In the 1980s, scholars issued a call to mainstream music educators to teach Aboriginal and Torres Strait Islander music (Moyle 1981; Kartomi 1988), and some even offered model teaching approaches. For example, by 1980 Alice Moyle had created an extensive educational kit for primary school teachers, but all attempts to have it published were unsuccessful until 1991. Moyle (2019) wished to “develop understanding of the importance of music and dance in the culture that, traditionally, has no writing, and to foster recognition of regional differences in Aboriginal songs and dance” (p. 25). She proposed well-intended projects such as “class-created corroborees” (Moyle 1981, p. 19), which arguably perpetuated a distorted view of the traditions they set out to promote. For various reasons, teachers were halting in their response to such initiatives, and the majority continued to exclude Aboriginal and Torres Strait Islander music from their teaching repertoires.

As an overt politics of multiculturalism gained momentum in Australia,Footnote 3 non-Western music was validated in the syllabus of at least one state in the early 1980s (Secondary Schools Board 1983, 8). At the same time, the exclusion of Aboriginal and Torres Strait Islander music continued. Compounding this paradox, in the lead up to the implementation of multiculturalist doctrines, “coincidental with assimilation polices that sought to destroy Aboriginal identity, a growing interest in Aboriginal art and culture captured the interest of Australians at large” (Kleinert 2010, pp. 176–177).

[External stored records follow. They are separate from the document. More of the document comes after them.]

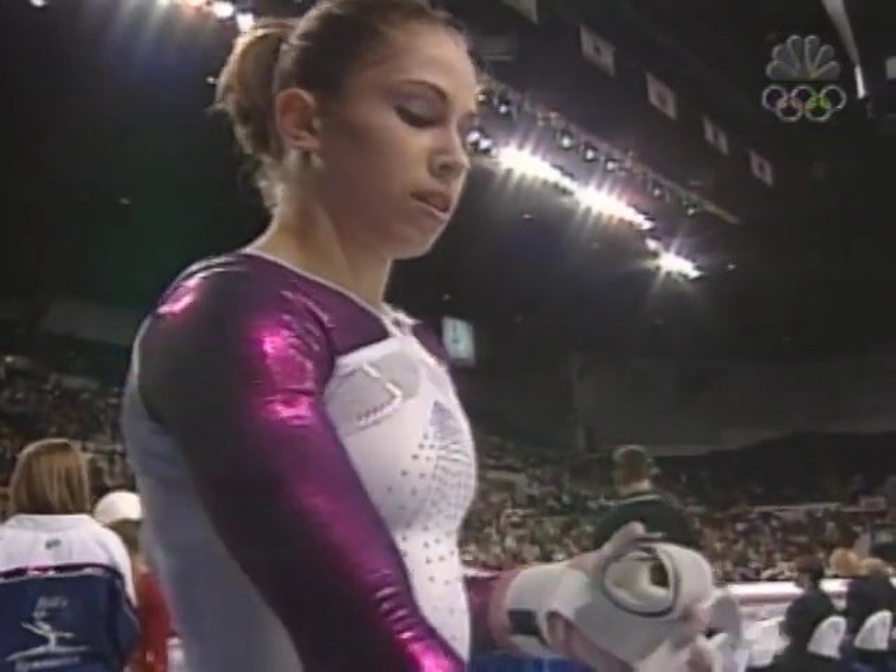She scores a big 9.5 on her favorite event, the bars.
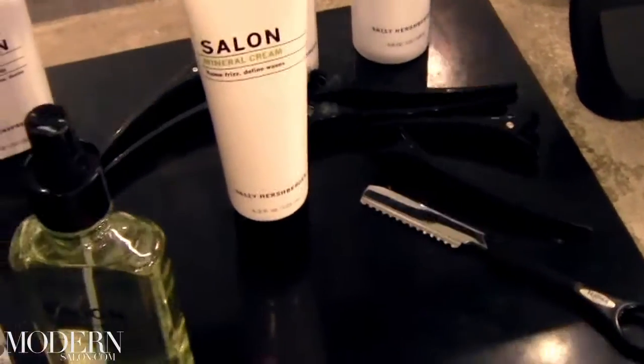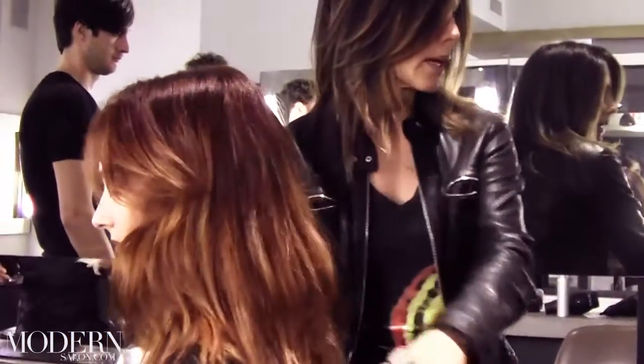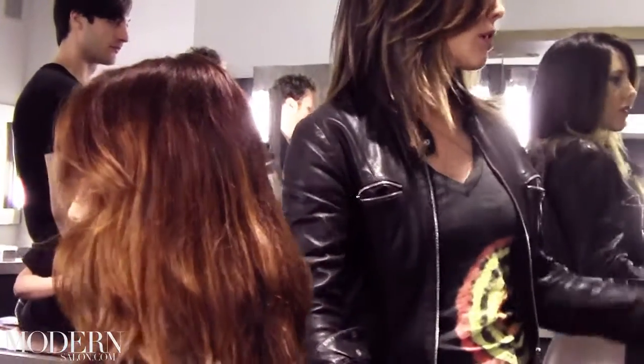Hey everybody, Sally Hershberger invited us into her downtown New York City salon to watch as she demonstrated her very famous cut and styling technique to her assistants. This is so exciting — watch as she dives right into the design.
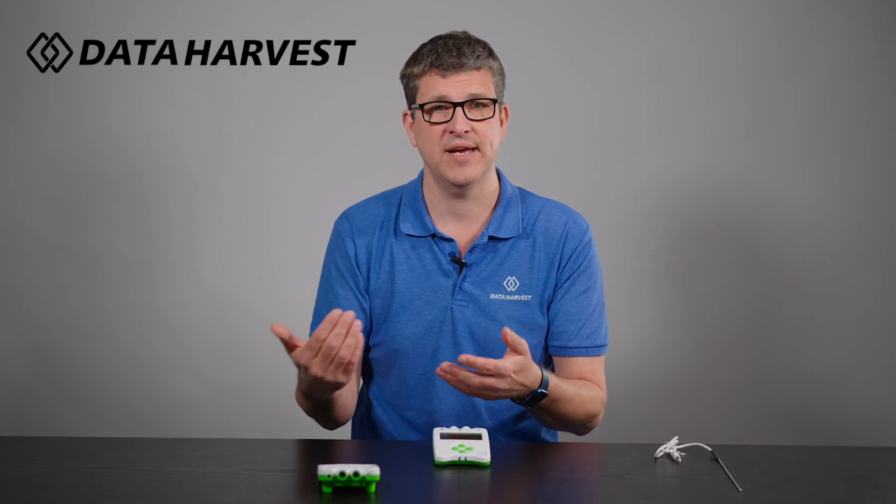There are loads of experiments — please go to our website where there's an e-book of activities to download showing all the different things you can do with the logger. Many of those have been written to use the data logger as a standalone without being attached, but also many show how it can work with our Easy Sense 2 software as well. There are lots more videos on our website and YouTube channel, so please go and subscribe.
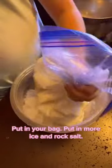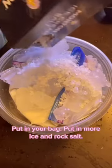Pour it in a big bag and close it up. Put it in your bag. Put in more ice and rock salt.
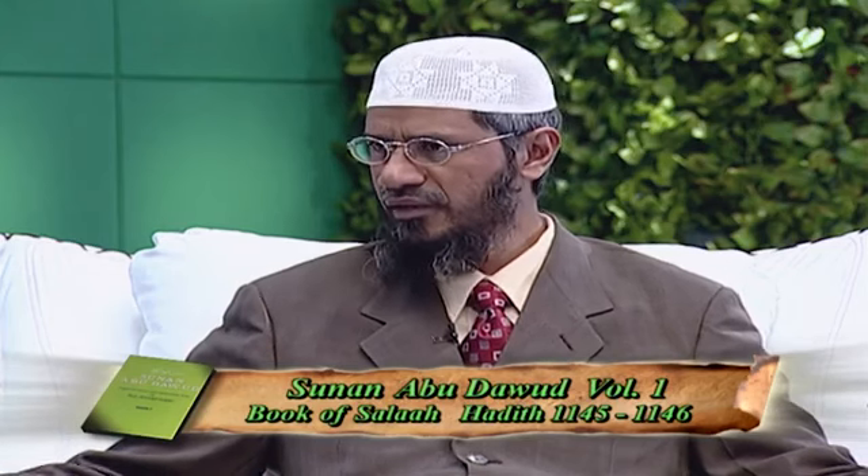Point No. 4: when a person starts the Eid Salah, he should say the Takbir al-Ihram — Allahu Akbar — and then say the opening supplication. This is followed by seven Takbir in the first Rakaat, and in the second Rakaat he should say five Takbir. This we know from Sunan Abu Dawud, Volume 1, in the Book of Salah, Hadith No. 1145 and 1146. Aisha, may Allah be pleased with her, says that the Prophet, when offering Eid al-Fitr and Eid al-Adha Salah, used to say seven Takbir in the first Rakaat and five Takbir in the second Rakaat.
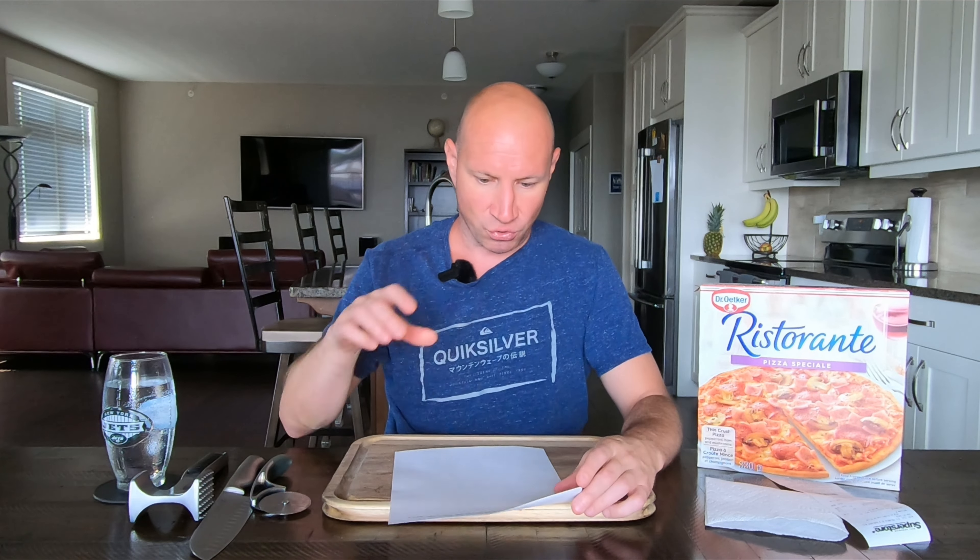So doing the Ristorante's today — they're on sale this week — doing the Pizza Speciali. The description is slightly different than what's on the box and I'll point that out for you.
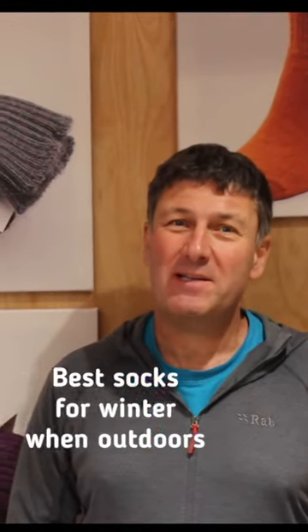Hi, it's John here from Capcom Mohair Socks. What we're going to do in this short video is look at the best socks to keep your feet warm during the winter months.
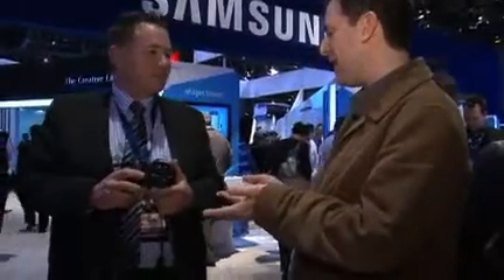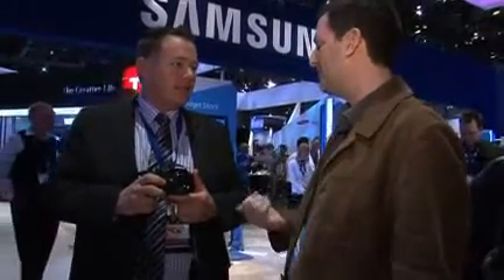Hi, I'm here at CES at the Samsung stand with Ben Hulfield from Samsung Australia, as you're about to find out from his accent. Ben, very good to meet you. Good to meet you as well. And you have in your hands the revolutionary, I'm told, Samsung NX10.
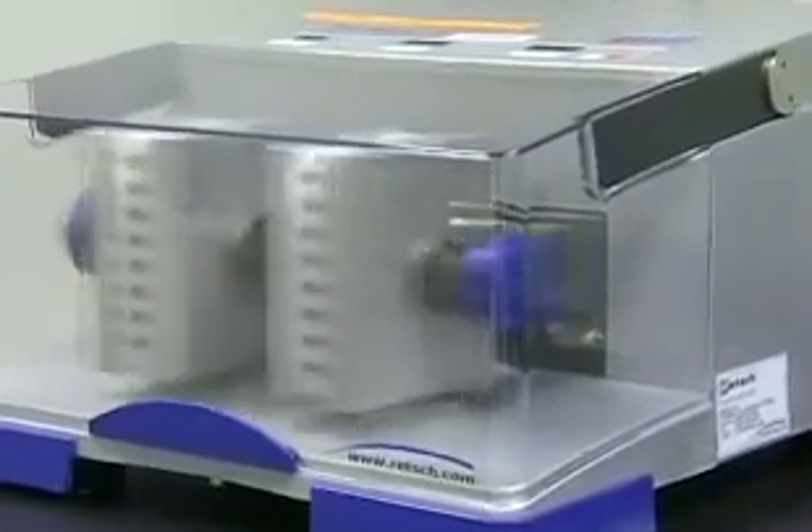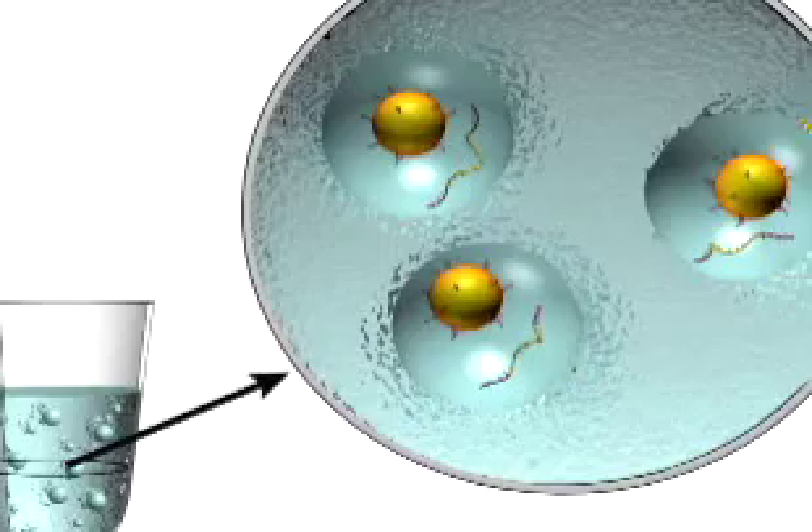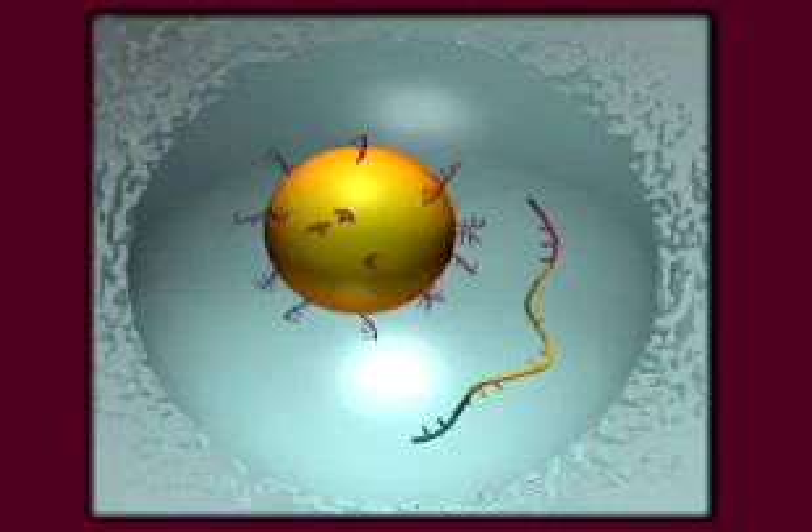When the tubes are vortexed, the beads are suspended in little drops of water containing PCR reaction mixture and a sea of oil. This is called an emulsion — just like salad dressing. We call the little droplets micro-reactors, and we want every droplet to contain a single piece of input DNA and a single bead.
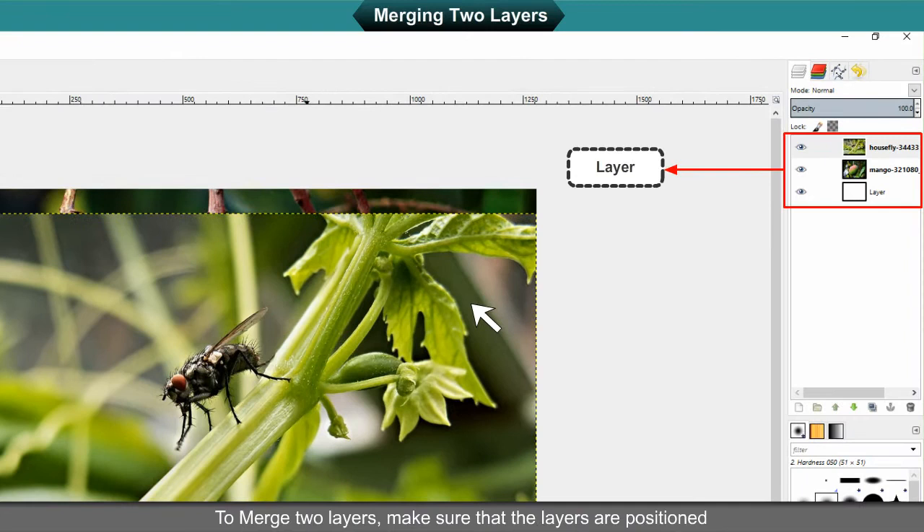To merge two layers, make sure that the layers are positioned wherever we want them to be in the final image. Make sure that the layer we want to merge is above the background layer.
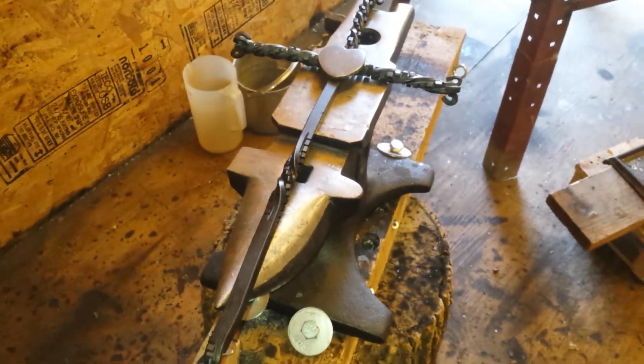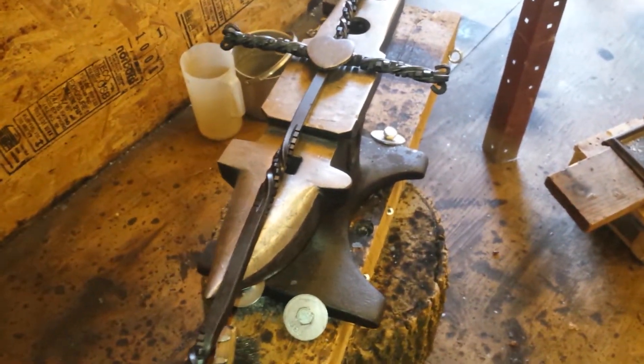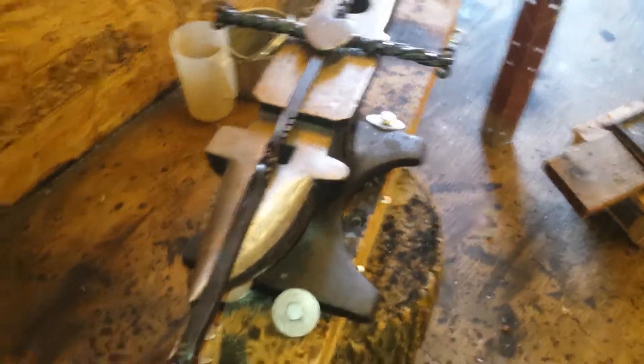Okay guys, so I promised in my last video that I was going to show you the finished twisted cross. And this is it.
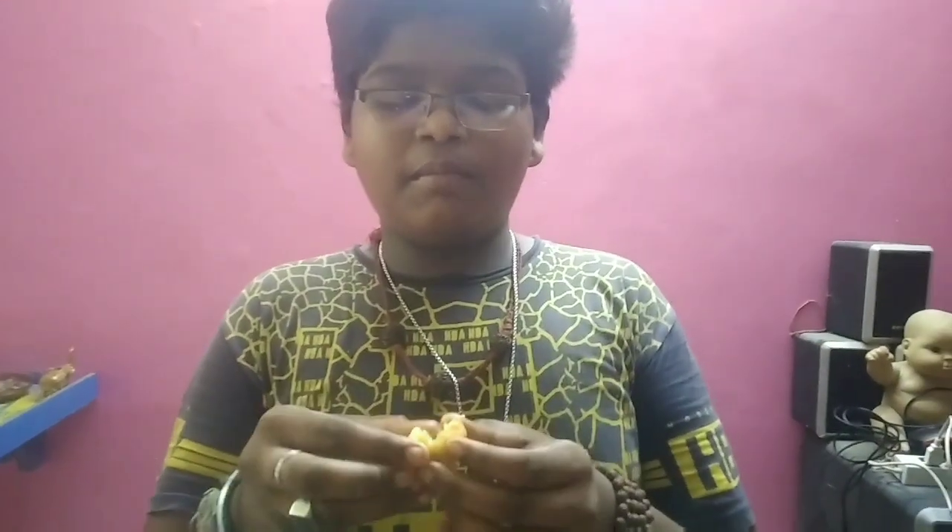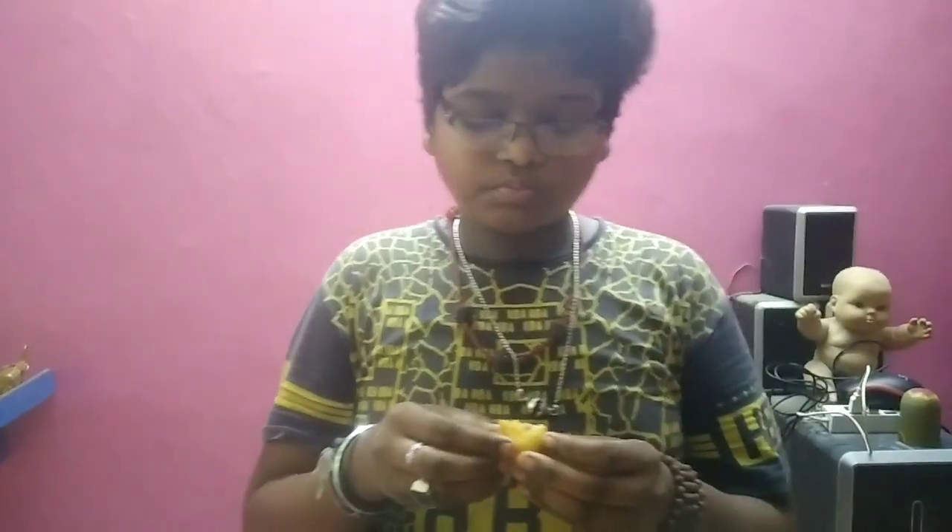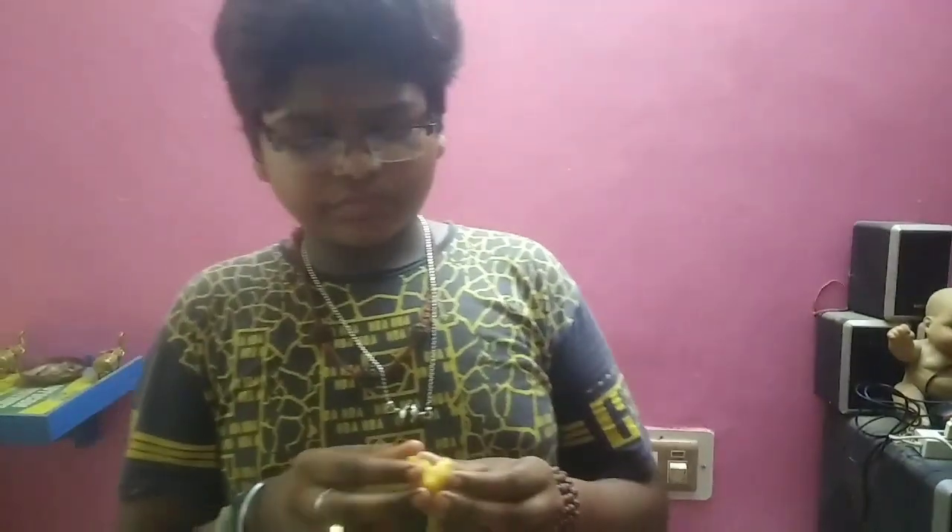It's soft. It's soft. It's sweet. It's super. It's good, it's good.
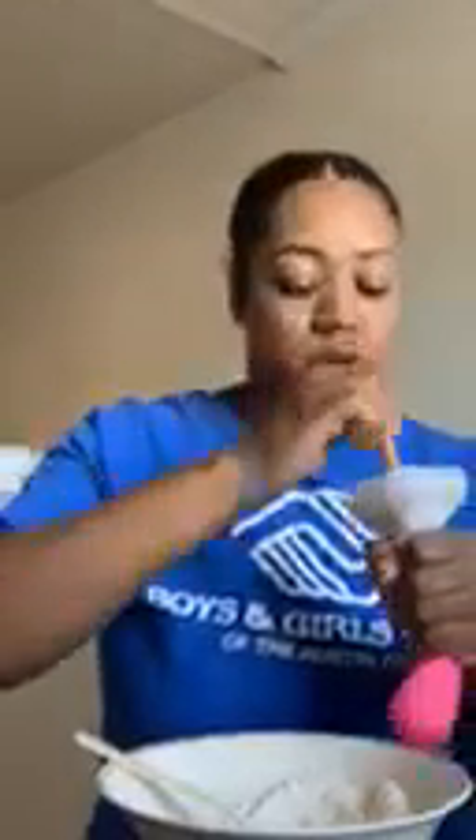Everybody needs a stress ball. When you're at home and you have schoolwork to do and you're getting frustrated because you don't understand it, just get your stress ball.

From 1980, Indigenous musicians had adopted rock and reggae to explore themes relating to the impact of settler colonialism. Marcus Breen (1989/2007) notes that such music “was a political statement that laid claim to a missing history” (p. xii). Its sound was a “bricolage of new and emerging expressions of identity that took tribal music, as well as Jimmy Little and rock and roll and cranked it up into a mish-mash of cultural empowerment” (p. xi). The band No Fixed Address, formed by students at CASM in 1979, fashioned a sound “that has since defined popular Indigenous music in the country”, which, wrote Brent Clough (2012), is “an assemblage of roots reggae, ska, country, rock ‘n’ roll and now hip-hop – allied to the proclamation of contemporary black identity” (p. 269).

The emergence of the academic field of popular music studies, the reverberations of which began to be felt in school music education in Great Britain and Australia in the 1980s, led educationists to envision the instructional benefits of the newer music forms:

The incorporation of Australian Indigenous popular music in school curricula may be viewed as a means to cultural tolerance, as a role model for Indigenous community members, as a source of musical knowledge, as current social comment or as emblematic of cultural intricacies […] Aligned with the immediacy of student youth, Australian Indigenous popular music may then prove a potent mix essential to the ongoing process of developing an Australian musical and cultural identity. (Wemyss 1999, p. 36)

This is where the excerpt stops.